Page:Collected Papers on Analytical Psychology (1916).djvu/211

This page has been validated.

CHAPTER V

ON THE SIGNIFICANCE OF NUMBER-DREAMS.[1]


The symbolism of numbers which greatly engaged the imaginative philosophy of earlier centuries has again acquired a fresh interest from the analytic investigations of Freud and his school. But in the material of number-dreams we no longer discover conscious puzzles of symbolic concatenations of numbers but the unconscious roots of the symbolism of numbers. There is scarcely anything quite fundamentally new to offer in this sphere since the presentations of Freud, Adler and Stekel. It must here suffice to corroborate their experiences by recording parallel cases. I have had under observation a few cases of this kind which are worth reporting for their general interest.

The first three instances are from a middle-aged married man whose conflict of the moment was an extra-conjugal love affair. The piece of the dream from which I take the symbolised number is: in front of the manager his general subscription. The manager comments on the high number of the subscription. It reads 2477.
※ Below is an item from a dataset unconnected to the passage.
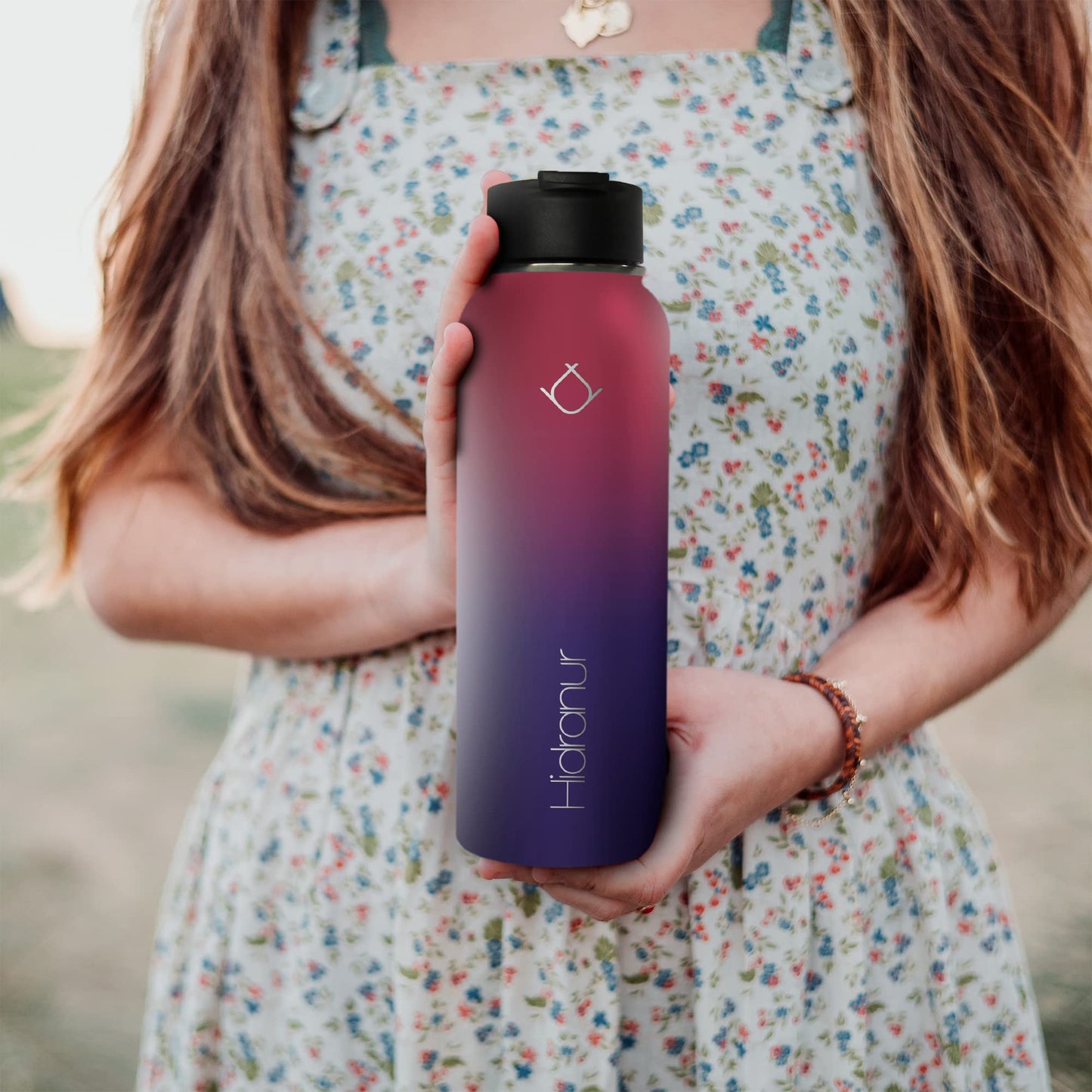Hidranur Termo de Acero Inoxidable Doble Aislamiento Térmico, Termo Para Café 32 oz (946.35 ml), 3 Tapas Herméticas, 2 Popotes, 24 Hrs de Agua Caliente y Fría (Morado, 32 Oz (946.35 ml))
The analysis of the dream brings out a rather ungentlemanly reckoning up of the expense of the affair which is foreign to the generous nature of the dreamer, and which the unconscious makes use of as a resistance to this affair. The preliminary interpretation is therefore, that the number has some financial importance and origin. A rough estimate of the expenses so far leads to a number which in fact approaches 2477 francs; a more exact reckoning, however, gives 2387 francs, which could be only arbitrarily translated into 2477. I then left the numbers to the free association of the patient;

  1. “Zentralblatt für Psychoanalyse,” 1911, p. 567.